What to produce. With the pictures set aside, return the lines below exactly, beginning at the first and ending at the line containing "The critical values".

Data provided.
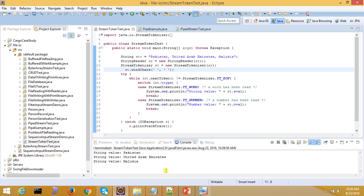So this was our StreamTokenizer. We move on now to something related to threads.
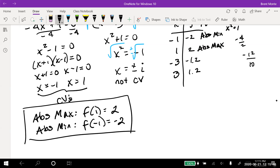The critical values gave both the absolute max and absolute min. Absolute max is f(1) = 2; absolute min is f(-1) = -2. For absolute max or min on a closed interval: find critical values, plug them and the endpoints into the original function, and the largest value is the absolute max, the smallest is the absolute min.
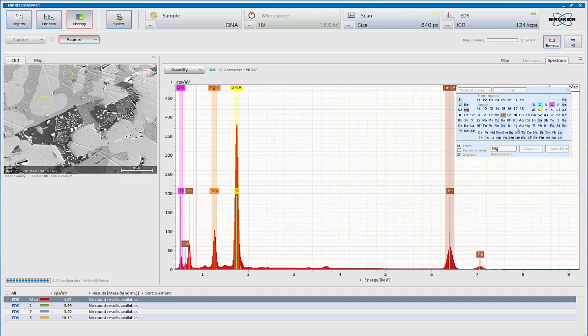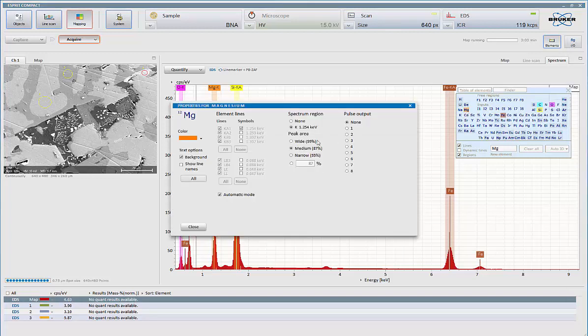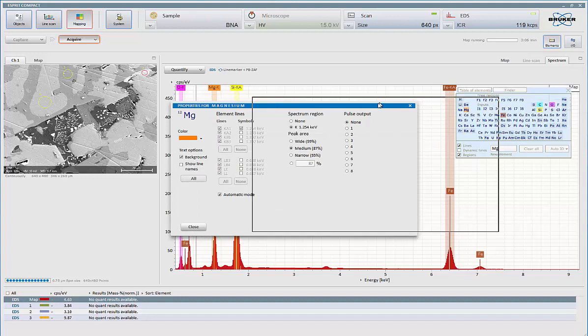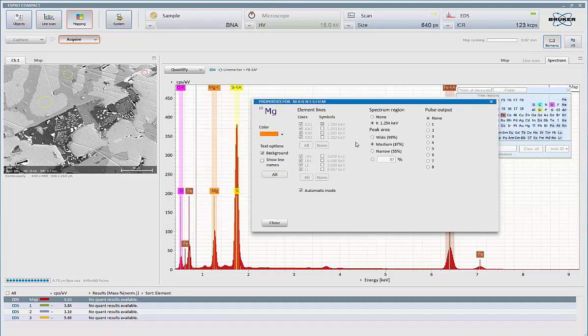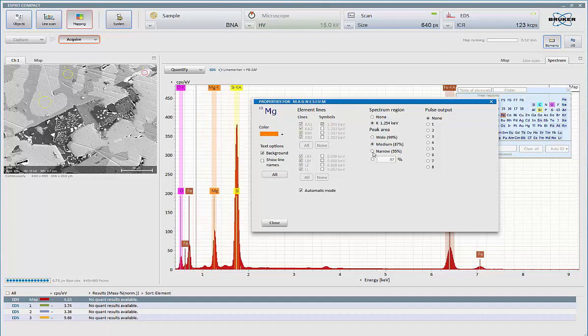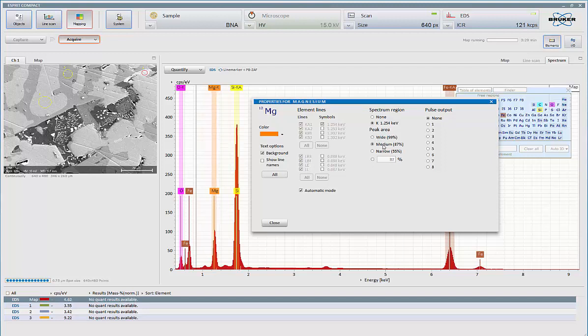Now those are all adjustable. If I press the right mouse button on any element, this is where I can come in. And if I wish to make a ROI wider, normal default, narrower, or anything in between, I can set it myself. Medium is about the normal. This is roughly 1.2 times the full width half max, which is considered to be the optimal.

Output below.
So this was our StreamTokenizer. We move on now to something related to threads.
The critical values gave both the absolute max and absolute min. Absolute max is f(1) = 2; absolute min is f(-1) = -2. For absolute max or min on a closed interval: find critical values, plug them and the endpoints into the original function, and the largest value is the absolute max, the smallest is the absolute min.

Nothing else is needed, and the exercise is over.